WHEREAS, said trailer features George Lopez in his archetypally go-to role as Hollywood's default Mexican voice talent, and

WHEREAS, per cosmic law, secondary Mexican voice talent Cheech Marin is also represented, and

WHEREAS, said trailer introduces Papi, the character referred to in the film's title and the descendant of small singing dogs who "fought alongside Aztec warriors," and

WHEREAS, said trailer features Papi leading a garish CGI chihuahua-ganza of cruise-ship music and Busby Berkley-esque showstoppers, and

WHEREAS, said trailer employs the hip-hop refrain, "We're tiny, we're mighty, we're number one / Yo, we're the real hot dogs, so hold the bun," and

This image was lost some time after publication.
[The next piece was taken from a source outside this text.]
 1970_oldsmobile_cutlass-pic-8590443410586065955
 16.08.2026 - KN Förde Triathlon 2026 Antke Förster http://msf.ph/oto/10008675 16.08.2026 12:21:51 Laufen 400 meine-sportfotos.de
WHEREAS, the frame captured at left is an actual image from said trailer, and

WHEREAS, we cannot stop staring at this image in stunned, staggered anticipation, and

WHEREAS, the only thing missing from the otherwise flawless said trailer is a sequence featuring a chihuahua shaman removing a still-beating chihuahua heart; and

WHEREAS, said trailer ends with the unassailably profound tagline, "50% Warrior. 50% Lover. 100% Chihuahua," and

WHEREAS, we are surprised to discover that the film said trailer supports in not of the "straight-to-DVD" variety but rather a full-length feature to be released in theaters Sept. 26 of this year, and

WHEREAS, there is no fucking way we are waiting nearly five months to see this year's tacky, tasteless, post-culture equivalent of Snakes on a Plane,


1. That Disney moves up the release of Beverly Hills Chihuahua to this Friday, May 9 — preferably as a replacement to Speed Racer, which we viewed yesterday and which barely seems finished;

2. That Beverly Hills Chihuahua rename its female lead "Apocalynkerbell" in deference to its studio's previous anthropological foray into extinct Mesoamerican cultures;

3. That said trailer precedes every screening of every film in every theater from now until the date Disney can arrange for the wide release of the full-length feature.

RESOLUTION PASSED this 6th day of May, 2008.